Data shown:
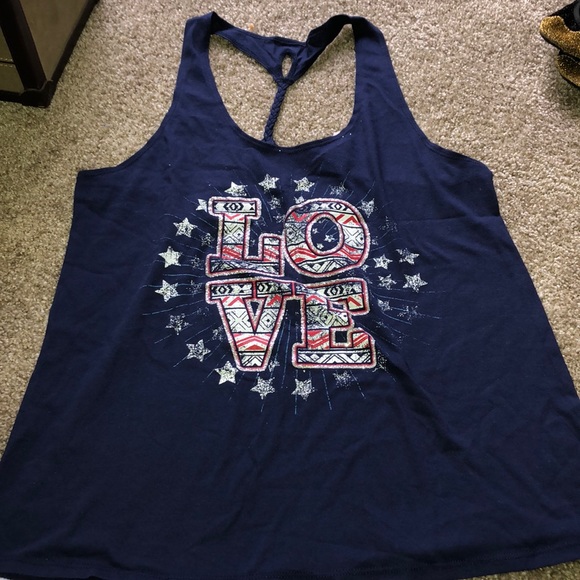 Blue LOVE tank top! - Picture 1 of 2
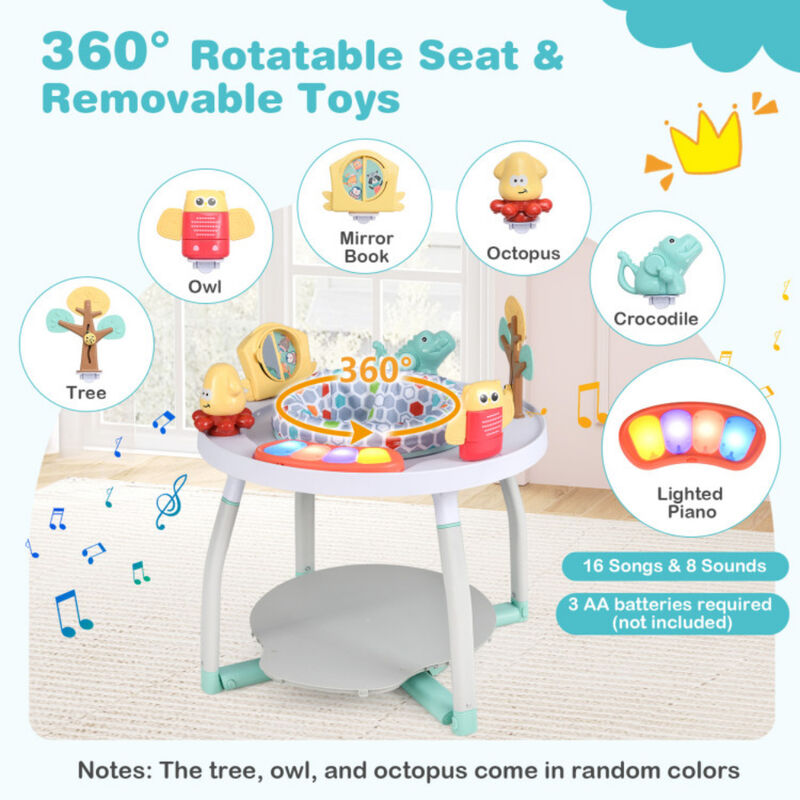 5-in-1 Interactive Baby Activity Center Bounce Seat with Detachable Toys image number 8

...

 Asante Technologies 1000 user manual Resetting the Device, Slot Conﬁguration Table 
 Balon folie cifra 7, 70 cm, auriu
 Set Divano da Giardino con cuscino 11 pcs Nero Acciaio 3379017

--

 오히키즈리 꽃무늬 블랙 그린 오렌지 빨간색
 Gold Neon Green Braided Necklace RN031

What you are asked to do: Your answer is the exact run of lines above from the one with "Blue LOVE tank top! - Picture 1 of 2" through the one with "5-in-1 Interactive Baby", both ends included, minus any picture.

Answer below:
 Blue LOVE tank top! - Picture 1 of 2
 5-in-1 Interactive Baby Activity Center Bounce Seat with Detachable Toys image number 8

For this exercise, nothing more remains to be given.